“[People] need real moments of solitude and self-reflection to balance out how much of ourselves we give away.”
― Barbara De Angelis
I have always heard my Inner Wisdom, though I have not always heeded her words or warnings. I tend to stretch myself thin in ways that I know I cannot without breaking down, falling apart. I have always been the sort of person who gives more of myself than I have to give, without question – and then when I find myself unbalanced and worn out, I tend to snap at people. I do not let people see the buildup, it happens deep within me, and so my outbursts are seen as sudden and without cause.
There is always a cause, and though I have tried to explain to many people how my mind works, the concept does not seem to get make sense to them. Even when I warn people when I am having an off day, when I am feeling worn down and overused, they do not understand why I snap, why I throw my hands up and say that I am done, that I have had enough. Inevitably, I end up being the villain and I apologise and attempt to explain what is happening, but I rarely have the words to put my thoughts and feelings out into the world for people to understand.
“There is no doubt that solitude is a challenge and to maintain balance within it a precarious business. But I must not forget that, for me, being with people or even with one beloved person for any length of time without solitude is even worse. I lose my center. I feel dispersed, scattered, in pieces. I must have time alone in which to mull over any encounter, and to extract its juice, its essence, to understand what has really happened to me as a consequence of it.”
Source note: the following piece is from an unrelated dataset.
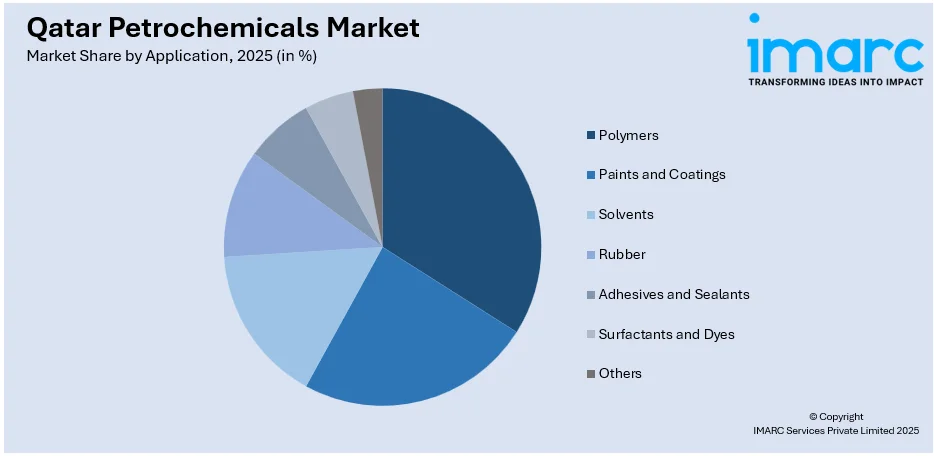 Qatar Petrochemicals Market By Application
May Sarton, Journal of a Solitude
This quote speaks to my spirit so deeply. I have not had a moment of true solitude in many moons, and my soul feels it. I am depleted in so many ways, and though I have ample moments throughout my day to sit down and breathe in without someone needing my attention, it is not true solitude. It is not an uninterrupted period of time for me to balance myself, to truly check in with myself and feel present within my body and my life.
My hearth-fire burns low, I am in need of fresh kindling – the best of which seems to be writing and painting. I fuel myself with creative energies. I am working to relate to those around me better, though it is a slow process and requires a lot of focus on my part. I am learning, deep within myself, and will soon be ready to put some new things into practice within my family and my day to day life.